クラッシャーくんを使ってしまったのはまずかったと思った。確かに奴隷たちに逃がしてくれと助けを求められることもあるかもしれないし、逃げた人がいたらクラッシャーくんを持ってるわたしが疑われるかもしれないと思ったし、奴隷が何かを起こし逃げおうせたら、わたしのせいにすることができると思った。
でも逆説的に、そんなわかりやすいことはしないし、今は大陸行脚があるけど、普通の伯爵令嬢は大陸をそう渡ったりしないから言いがかりになるし、だから今までとわたしの立場は変わらないと思った。

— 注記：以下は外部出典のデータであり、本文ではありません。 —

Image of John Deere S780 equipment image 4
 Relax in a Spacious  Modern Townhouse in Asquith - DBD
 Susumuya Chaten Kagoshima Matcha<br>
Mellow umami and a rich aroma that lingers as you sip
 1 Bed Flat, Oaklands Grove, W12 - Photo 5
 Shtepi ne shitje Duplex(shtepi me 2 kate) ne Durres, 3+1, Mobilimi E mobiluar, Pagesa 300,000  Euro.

ガインの話の持っていき方で一瞬焦ったけど、ガインも認めているように、言いがかりをつけてくるのはセインぐらいだと思う。クラッシャーくんを使ってしまったのは考えが及んでなかった点で心に留めるけど。
結局、セインはフレデリカさまの制裁ぐらいでは止まれなくて。わたしたちはやられる前にその計画を潰さなければならない。
「どれくらい計画は練っているんだ?」
そこから細かい打ち合わせが始まった。
といっても、まだ調べることもあるし、仕掛ける時期というものもある。
仕掛ける時期は、わたしの魔法戦の課外授業の時だそうだ。
ガゴチがつかんだ情報では、セイン以外にも2箇所、第三大陸の貴族がドラゴンちゃんとおまけにわたしを手に入れようと考えているそうだ。
っていうか、なんで課外授業のこと知ってるのよと言い合いになったんだけど。
今年、先生たちは本当に気をつけているそうだ。
1日の野宿だし、場所も外に漏らしていない。
他国は課外授業のとき、生徒たちの後をつけていく算段を立てているらしい。
案を出し合い、その時は兄さまも生き生きとしていた。
決戦は課外授業で外に出た時から。それまでは微調整をしながらさらに案を練り直していくそうだ。
わたしは疲れがピークになり、最後の方の記憶が怪しい。帰りの馬車に乗ったところで早々に眠ってしまった。父さまから課外授業の参加オッケーをもらうために説得しなくちゃと思っていたのに。そのまま夕飯も食べずに寝てしまい、起きたら明け方だった。
わたしの疲れ具合を考慮して、次は第四大陸のミネルバだったのだけど、1週空けてくれることになったそうだ。